Apart from the insurance cover provided under ULIPs, there is very little distinction between mutual funds & ULIPs. Both invest in the stock market & in debt instruments. The returns from both are also comparable. This similarity between mutual funds & ULIPs led to the SEBI recently claiming regulatory jurisdiction over ULIPs which was settled by the Government in favour of IRDA.

2. Section 80U & 80D:

Section 80U provides for a deduction from the income of individuals suffering from specified disabilities. The amount of deduction available depends upon the percentage of disability of the individual.

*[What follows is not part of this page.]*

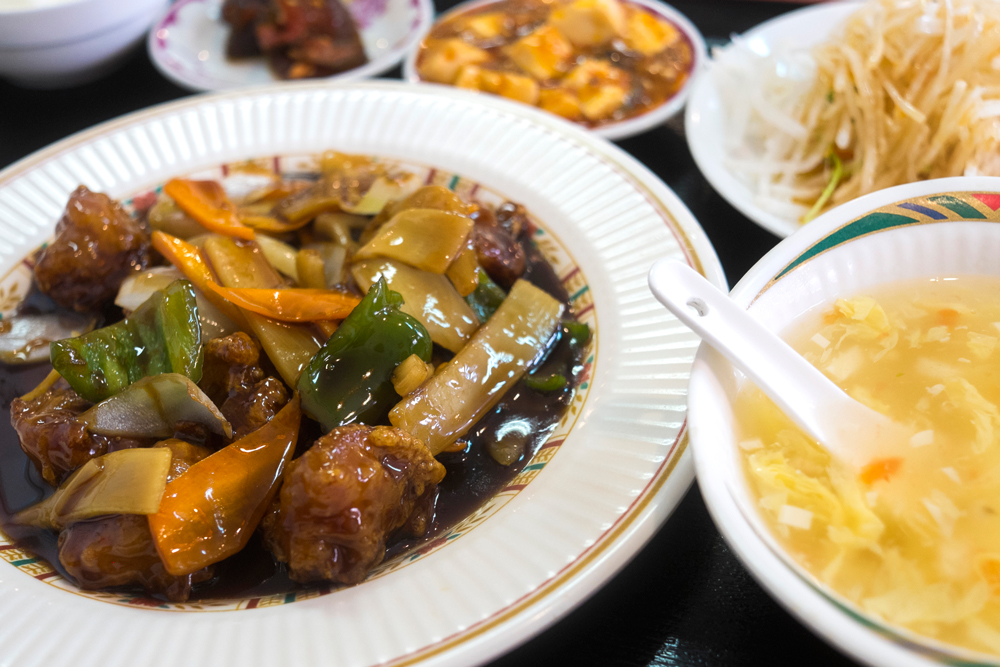 本格中華オーダー式食べ放題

Section 80D provides for a deduction from income of an individual of the amount paid for medical insurance. This medical insurance premium should be paid by cheque & should be paid for the individual, spouse or family members.

A disabled individual can claim deduction under both section 80U & 80 D if he or she satisfies the conditions specified under the respective sections. The deductions under 80D & 80U are not mutually exclusive.


Which 1 better Bitween Mf/ULIP?

Thanks Sameer for replying following Q of my.
Continuing our discussion, was wandering, what makes you to say that the returns between Mutual fund and ULIPs are also comparable?
Which 1 according to you fetch more? Do you think, ULIP give more returns compare to MF?
Would it continue even post 1st of September’s clarity?

Hi rajesh I feel that

Hi rajesh
I feel that choosing between ulip and mf depends upon what you are
looking out for .Mutual fund is a totally investment scheme and ulip
is a mutual fund along with insurance .
If you have got your self insured for a safe value earlier then you
may not choose ulip ..
In ulip some part of your invested amount (you can decide how much
)called as elocation is used for insurance and the remaining amount is
invested in the market ..
The more you invest in insurance the lesser amount will be invested in
the market .for returns..the disadvantage of ulip is that if you
discontinue before the maturity period then a big amount is deducted
fromthe balance amount .Mortality charges are deducted which is quiet
high .so if you feel you are sure that you will continue paying till
the end then you may go for ulip

MF's vs. ULIP's

Both ULIP's & equity MF's invest in the same set of investments, primarily in shares of companies listed on the stock exchanges. Since they invest in the same instruments, they are comparable to each other. The differences in their returns are due to the abilities of the respective fund managers.

Also, ULIP's provide insurance cover to the unit-holders & charge an insurance premium for it as part of the unit cost.